Сегодня ни одно из существующих квазигосударственных образований (иначе говоря, «непризнанных государств») не может безоговорочно претендовать на международное признание в качестве государства. За последние десять лет на политической карте мира произошли поистине драматические сдвиги, и по большому счету все государства (за исключением пока еще мирового суверена) стали непризнанными. Мы наблюдаем по всему миру действие эффективного механизма по ограничению национальных суверенитетов.
Механизма, основанного на том, что ключи от критериев легитимности того или иного режима находятся в руках одного мирового суверена. Такое делегирование ответственности «наверх» стало возможно благодаря добровольному отказу элит от политической жизни в пользу коррупционного гедонизма. Именно на этой почве произрастают все виды цветочных революций, в основе которых стандартный конвейерный фокус с «изменой номенклатуры».
Перефразируя поэта, можно сказать так: «Если новые государства зажигают значит, это кому-нибудь нужно!».
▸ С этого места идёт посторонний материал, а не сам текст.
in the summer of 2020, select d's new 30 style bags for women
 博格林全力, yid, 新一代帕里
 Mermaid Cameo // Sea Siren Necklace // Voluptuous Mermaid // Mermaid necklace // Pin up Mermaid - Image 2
И все же, почему «непризнынные государства» остаются непризнанными? Стандартное объяснение этого феномена таково. Во-первых, получила распространение практика двойных стандартов: одним народам по не вполне понятным основаниям позволяют реализовать свое право на самоопределение, а другим в этом отказывают. Во-вторых, существующие вне правового поля и практически никем не признаваемые официально, квазигосударственные образования почти неизбежно криминализируются внутренне. Они обрастают не вполне легальными внешними связями и становятся катализатором противоречий и конфликтов между вовлеченными в эти связи государствами. Наконец, в-третьих, и это особенно тревожит политиков, примеры уже существующих квазигосударственных образований создают некий опасный прецедент, вдохновляя все новых претендентов на самоопределение.
В результате возникает угроза появления параллельной системы непризнанных государств (например, СНГ-2), причем в условиях углубляющегося кризиса международно-правовой системы. Еще не так давно список непризнанных государств исчерпывался Тайванем и Северным Кипром. Сегодня в него входят также Абхазия, Приднестровье, Южная Осетия и Нагорный Карабах; завтра к ним могут присоединиться Иракский Курдистан, «государство» тамилов; а послезавтра, и Страна басков, и Горный Бадахшан, и Синьцзян. А есть ведь еще много разных территорий, и большая группа автономий в составе России. Опыт кровоточащей Чечни показывает, какой трагедией может обернуться недооценка потенциала непризнанных или самопровозглашенных государств.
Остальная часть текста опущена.